More formally stated:-
What are these Christians about, exalting an instrument of torture?
First, we rejoice that something so terrible should have been transformed into a means of redemption for the whole human race.
Second, we remind ourselves of the fact that Christianity is not an abstract and spiritual religion. It springs from God’s direct intervention in the affairs of the world, a real historical event involving real people and, in the end, a real execution on a real cross.


At the Night Office we had a Reading appropriate for the season, and of the days looking to the canosation of John Henry Newman.

From a sermon by John Henry Newman (Parochial and Plain Sermons, volume 6, pages 89-91)   
The great and awful doctrine of the cross of Christ, which we now commemorate, may fitly be called, in the language of figure, the heart of religion.

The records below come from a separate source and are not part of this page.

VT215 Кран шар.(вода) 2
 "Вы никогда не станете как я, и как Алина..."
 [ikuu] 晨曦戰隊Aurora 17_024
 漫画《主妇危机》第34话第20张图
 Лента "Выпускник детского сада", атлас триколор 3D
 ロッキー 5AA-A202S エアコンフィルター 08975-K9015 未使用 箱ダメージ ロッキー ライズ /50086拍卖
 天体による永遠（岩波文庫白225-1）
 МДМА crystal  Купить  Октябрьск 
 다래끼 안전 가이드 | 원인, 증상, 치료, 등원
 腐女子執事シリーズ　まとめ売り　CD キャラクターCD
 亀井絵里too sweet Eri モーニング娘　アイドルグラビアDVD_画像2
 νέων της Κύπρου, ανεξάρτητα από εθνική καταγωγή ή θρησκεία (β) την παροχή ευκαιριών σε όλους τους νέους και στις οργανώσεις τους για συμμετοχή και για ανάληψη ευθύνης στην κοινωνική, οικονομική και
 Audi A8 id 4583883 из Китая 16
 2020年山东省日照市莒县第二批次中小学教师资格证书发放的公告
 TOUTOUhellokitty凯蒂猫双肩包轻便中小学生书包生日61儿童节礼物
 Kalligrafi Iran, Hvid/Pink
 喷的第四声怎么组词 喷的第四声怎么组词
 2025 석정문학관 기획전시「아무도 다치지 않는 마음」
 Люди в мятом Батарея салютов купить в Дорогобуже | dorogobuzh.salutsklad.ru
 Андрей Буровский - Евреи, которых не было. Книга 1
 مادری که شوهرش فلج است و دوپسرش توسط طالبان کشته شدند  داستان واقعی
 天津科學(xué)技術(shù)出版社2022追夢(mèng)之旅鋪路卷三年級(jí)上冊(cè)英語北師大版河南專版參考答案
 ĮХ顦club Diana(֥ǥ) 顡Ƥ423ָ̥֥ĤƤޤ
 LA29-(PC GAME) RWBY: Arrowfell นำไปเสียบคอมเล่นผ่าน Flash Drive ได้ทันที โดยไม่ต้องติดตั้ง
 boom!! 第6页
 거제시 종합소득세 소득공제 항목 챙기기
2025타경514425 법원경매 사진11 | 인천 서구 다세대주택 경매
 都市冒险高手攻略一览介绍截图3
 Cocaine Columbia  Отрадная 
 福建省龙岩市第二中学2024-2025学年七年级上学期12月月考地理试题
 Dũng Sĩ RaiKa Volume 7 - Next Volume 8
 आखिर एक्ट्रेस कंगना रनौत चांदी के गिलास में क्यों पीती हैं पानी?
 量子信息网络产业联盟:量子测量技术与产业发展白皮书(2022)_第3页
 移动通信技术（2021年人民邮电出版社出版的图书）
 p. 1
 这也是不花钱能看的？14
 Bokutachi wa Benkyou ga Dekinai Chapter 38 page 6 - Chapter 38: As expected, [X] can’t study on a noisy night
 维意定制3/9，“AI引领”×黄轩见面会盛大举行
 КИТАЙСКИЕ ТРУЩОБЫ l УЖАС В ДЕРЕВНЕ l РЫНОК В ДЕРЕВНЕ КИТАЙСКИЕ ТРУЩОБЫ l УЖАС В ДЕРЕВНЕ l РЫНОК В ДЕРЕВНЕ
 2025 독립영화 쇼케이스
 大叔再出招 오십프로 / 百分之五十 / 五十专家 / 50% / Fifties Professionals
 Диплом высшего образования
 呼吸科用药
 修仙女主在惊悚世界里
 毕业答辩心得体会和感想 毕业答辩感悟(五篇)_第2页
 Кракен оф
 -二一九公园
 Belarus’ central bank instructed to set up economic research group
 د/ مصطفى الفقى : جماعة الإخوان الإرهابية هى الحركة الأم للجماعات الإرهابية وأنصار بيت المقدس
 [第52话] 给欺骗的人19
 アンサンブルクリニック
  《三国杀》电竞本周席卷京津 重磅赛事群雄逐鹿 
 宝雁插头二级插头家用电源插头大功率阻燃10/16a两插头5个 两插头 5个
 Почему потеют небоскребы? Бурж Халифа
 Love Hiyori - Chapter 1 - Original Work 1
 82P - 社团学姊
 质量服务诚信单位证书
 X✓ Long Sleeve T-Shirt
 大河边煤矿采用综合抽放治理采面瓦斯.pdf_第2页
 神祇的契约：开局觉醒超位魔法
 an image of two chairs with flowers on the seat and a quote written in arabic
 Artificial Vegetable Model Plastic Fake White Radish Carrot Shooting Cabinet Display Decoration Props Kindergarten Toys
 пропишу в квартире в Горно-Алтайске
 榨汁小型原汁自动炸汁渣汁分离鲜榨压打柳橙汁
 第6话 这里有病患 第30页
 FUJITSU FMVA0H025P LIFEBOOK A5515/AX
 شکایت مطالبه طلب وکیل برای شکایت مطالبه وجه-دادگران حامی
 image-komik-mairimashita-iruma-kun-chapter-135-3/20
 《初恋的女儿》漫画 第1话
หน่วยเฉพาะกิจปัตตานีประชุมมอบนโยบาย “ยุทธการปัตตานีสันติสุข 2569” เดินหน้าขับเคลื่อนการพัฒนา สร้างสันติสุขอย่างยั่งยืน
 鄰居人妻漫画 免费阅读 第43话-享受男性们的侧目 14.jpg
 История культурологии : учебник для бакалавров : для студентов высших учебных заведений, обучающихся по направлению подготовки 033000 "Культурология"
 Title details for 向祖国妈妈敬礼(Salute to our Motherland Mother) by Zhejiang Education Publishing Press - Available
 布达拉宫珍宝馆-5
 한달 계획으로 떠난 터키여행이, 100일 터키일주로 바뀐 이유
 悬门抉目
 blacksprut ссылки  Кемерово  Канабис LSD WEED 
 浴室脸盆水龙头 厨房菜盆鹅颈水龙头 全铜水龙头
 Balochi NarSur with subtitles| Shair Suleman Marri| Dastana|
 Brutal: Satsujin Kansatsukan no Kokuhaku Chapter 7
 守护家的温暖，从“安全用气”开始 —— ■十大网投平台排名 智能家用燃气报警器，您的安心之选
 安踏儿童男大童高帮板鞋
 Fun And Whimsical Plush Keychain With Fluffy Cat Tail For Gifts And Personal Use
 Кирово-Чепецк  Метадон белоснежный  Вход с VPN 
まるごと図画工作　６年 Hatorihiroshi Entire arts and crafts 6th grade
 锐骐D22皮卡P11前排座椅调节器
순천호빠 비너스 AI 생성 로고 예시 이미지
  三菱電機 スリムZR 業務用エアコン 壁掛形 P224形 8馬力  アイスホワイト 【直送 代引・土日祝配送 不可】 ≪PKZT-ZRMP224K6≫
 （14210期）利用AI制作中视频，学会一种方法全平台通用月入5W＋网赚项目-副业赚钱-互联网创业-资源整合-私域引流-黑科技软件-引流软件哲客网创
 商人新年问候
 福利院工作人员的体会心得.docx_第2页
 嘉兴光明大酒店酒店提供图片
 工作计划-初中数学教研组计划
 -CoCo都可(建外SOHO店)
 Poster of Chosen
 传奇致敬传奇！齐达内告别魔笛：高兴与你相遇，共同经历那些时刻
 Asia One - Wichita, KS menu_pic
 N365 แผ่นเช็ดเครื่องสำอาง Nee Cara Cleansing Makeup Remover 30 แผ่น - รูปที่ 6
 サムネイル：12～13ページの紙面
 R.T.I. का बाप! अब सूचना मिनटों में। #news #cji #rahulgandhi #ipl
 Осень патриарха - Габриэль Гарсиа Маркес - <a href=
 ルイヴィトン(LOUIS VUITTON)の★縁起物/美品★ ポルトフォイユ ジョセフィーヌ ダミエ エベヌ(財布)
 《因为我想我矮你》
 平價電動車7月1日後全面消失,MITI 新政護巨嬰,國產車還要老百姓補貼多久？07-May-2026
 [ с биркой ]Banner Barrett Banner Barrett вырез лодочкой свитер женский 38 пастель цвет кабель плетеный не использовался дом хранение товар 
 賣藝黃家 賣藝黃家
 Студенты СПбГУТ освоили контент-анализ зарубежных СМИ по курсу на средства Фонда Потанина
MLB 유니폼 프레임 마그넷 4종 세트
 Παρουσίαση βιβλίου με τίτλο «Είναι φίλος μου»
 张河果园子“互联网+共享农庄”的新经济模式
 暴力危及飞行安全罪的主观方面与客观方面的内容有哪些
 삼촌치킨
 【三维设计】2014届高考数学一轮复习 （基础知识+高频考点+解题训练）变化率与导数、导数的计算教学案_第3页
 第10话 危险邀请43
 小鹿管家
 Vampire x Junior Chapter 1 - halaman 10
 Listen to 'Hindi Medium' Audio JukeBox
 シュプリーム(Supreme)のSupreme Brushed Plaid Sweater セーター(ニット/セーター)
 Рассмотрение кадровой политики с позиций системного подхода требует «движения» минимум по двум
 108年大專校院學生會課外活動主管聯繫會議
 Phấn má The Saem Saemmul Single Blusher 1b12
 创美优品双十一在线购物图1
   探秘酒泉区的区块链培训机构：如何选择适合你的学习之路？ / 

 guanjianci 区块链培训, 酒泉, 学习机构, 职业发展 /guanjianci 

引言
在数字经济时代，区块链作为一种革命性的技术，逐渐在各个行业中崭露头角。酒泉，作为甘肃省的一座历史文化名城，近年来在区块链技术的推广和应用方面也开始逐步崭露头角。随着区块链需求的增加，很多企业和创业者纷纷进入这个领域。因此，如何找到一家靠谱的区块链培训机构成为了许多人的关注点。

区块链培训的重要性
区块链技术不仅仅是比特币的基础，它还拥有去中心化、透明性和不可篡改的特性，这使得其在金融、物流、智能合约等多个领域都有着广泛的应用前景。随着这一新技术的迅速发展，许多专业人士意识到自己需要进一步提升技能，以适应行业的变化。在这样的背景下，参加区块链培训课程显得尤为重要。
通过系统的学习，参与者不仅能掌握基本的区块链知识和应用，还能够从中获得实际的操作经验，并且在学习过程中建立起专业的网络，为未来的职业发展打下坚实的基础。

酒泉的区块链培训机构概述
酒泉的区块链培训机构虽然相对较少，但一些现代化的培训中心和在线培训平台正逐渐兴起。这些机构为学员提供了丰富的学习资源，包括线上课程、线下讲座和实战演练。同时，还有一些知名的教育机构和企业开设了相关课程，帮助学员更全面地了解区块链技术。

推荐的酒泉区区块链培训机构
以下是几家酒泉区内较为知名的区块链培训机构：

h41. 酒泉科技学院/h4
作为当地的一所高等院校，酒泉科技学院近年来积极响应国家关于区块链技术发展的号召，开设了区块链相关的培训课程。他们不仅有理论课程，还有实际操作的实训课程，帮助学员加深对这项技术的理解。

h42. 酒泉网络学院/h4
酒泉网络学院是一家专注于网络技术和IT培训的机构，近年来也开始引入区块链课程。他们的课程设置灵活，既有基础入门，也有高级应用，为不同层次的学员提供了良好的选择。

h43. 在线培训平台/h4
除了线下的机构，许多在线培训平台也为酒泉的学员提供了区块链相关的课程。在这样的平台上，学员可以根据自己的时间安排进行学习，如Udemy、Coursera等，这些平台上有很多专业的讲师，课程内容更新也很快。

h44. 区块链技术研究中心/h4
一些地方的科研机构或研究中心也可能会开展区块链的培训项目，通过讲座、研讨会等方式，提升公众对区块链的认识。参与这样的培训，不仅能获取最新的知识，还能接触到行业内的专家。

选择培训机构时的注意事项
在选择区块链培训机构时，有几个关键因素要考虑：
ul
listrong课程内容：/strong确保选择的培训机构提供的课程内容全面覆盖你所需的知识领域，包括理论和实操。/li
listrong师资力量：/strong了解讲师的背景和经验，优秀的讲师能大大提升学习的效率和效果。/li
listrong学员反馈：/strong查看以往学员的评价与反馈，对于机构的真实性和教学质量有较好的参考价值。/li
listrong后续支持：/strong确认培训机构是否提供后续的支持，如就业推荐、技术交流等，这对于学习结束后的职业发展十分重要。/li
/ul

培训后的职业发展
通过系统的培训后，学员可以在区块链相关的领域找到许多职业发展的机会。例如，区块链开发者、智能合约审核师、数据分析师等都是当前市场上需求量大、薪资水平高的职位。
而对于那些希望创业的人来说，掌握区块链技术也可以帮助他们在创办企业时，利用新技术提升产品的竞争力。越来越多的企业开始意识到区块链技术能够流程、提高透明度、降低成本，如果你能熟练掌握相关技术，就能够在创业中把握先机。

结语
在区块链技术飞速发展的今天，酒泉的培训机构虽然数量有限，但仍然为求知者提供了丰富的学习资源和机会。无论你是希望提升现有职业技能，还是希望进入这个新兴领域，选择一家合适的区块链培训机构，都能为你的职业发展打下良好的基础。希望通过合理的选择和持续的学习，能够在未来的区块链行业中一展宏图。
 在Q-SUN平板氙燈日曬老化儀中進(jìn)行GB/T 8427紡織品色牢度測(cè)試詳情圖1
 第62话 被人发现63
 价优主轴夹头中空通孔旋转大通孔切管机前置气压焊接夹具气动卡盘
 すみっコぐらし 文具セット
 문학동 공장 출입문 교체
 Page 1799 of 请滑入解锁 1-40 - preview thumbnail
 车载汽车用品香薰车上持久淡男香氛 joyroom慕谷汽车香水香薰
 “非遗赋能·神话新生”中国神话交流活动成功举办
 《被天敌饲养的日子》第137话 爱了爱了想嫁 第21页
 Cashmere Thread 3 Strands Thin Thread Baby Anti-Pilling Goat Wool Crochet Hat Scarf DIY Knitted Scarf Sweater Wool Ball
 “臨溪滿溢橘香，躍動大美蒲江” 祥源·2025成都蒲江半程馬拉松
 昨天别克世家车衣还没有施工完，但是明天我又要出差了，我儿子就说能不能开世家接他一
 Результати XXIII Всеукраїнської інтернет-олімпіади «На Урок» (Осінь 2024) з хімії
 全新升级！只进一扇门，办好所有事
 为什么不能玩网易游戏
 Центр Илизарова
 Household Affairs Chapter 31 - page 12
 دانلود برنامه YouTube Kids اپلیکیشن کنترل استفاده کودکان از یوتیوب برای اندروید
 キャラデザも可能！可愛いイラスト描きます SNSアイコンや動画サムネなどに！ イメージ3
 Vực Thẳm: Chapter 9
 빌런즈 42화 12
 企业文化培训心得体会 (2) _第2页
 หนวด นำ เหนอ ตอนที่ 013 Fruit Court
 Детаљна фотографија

The heart may be considered as the seat of life; it is the principle of motion, heat, and activity; from it the blood goes to and fro to the extreme parts of the body. It sustains the man in his powers and faculties; it enables the brain to think; and when it is touched, man dies. And in like manner the sacred doctrine of Christ's atoning sacrifice is the vital principle on which the Christian lives, and without which Christianity is not. Without it no other doctrine is held profitably; to believe in Christ's divinity, or in his manhood, or in the holy Trinity, or in a judgment to come, or in the resurrection of the dead, is an untrue belief, not Christian faith, unless we receive also the doctrine of Christ's sacrifice. On the other hand, to receive it presupposes the reception of other high truths of the gospel besides; and it prepares the way to belief in the sacred Eucharistic feast, in which he who was once crucified is ever given to our souls and bodies, verily and indeed, in his body and in his blood.
But again, the heart is hidden from view; it is carefully and securely guarded; not like the eye set in the forehead, commanding all, and seen of all: and so in like manner the sacred doctrine of the atoning sacrifice is not one to be talked of, but to be lived upon; not to be put forth irreverently, but to be adored secretly; not to be used as a necessary instrument in the conversion of the ungodly, or for the satisfaction of reasoners of this world, but to be unfolded to the docile and obedient; to young children, whom the world has not corrupted; to the sorrowful, who need comfort; to the sincere and earnest, who need a rule of life; to the innocent, who need warning; and to the established, who have earned the knowledge of it.

The Psalmist says, They that sow in tears shall reap in joy; and our Lord says, They that mourn shall be comforted. Let no one go away with the impression that the gospel makes us take a gloomy view of the world and of life. It hinders us indeed from taking a superficial view, and finding a vain transitory joy in what we see; but it forbids our immediate enjoyment, only to grant enjoyment in truth and fullness afterwards. It only forbids us to begin with enjoyment. It only says, If you begin with pleasure, you will end with pain. It bids us begin with the cross of Christ, and in that cross we shall at first find sorrow, but in a while peace and comfort will rise out of that sorrow. That cross will lead us to mourning, repentance, humiliation, prayer, fasting; we shall sorrow for our sins, we shall sorrow with Christ's sufferings; but all this sorrow will only issue, nay, will be undergone in a happiness far greater than the enjoyment which the world gives. Our Saviour said to his disciples, You now therefore have sorrow, but I will see you again, and your heart shall rejoice, and your joy no man shall take from you.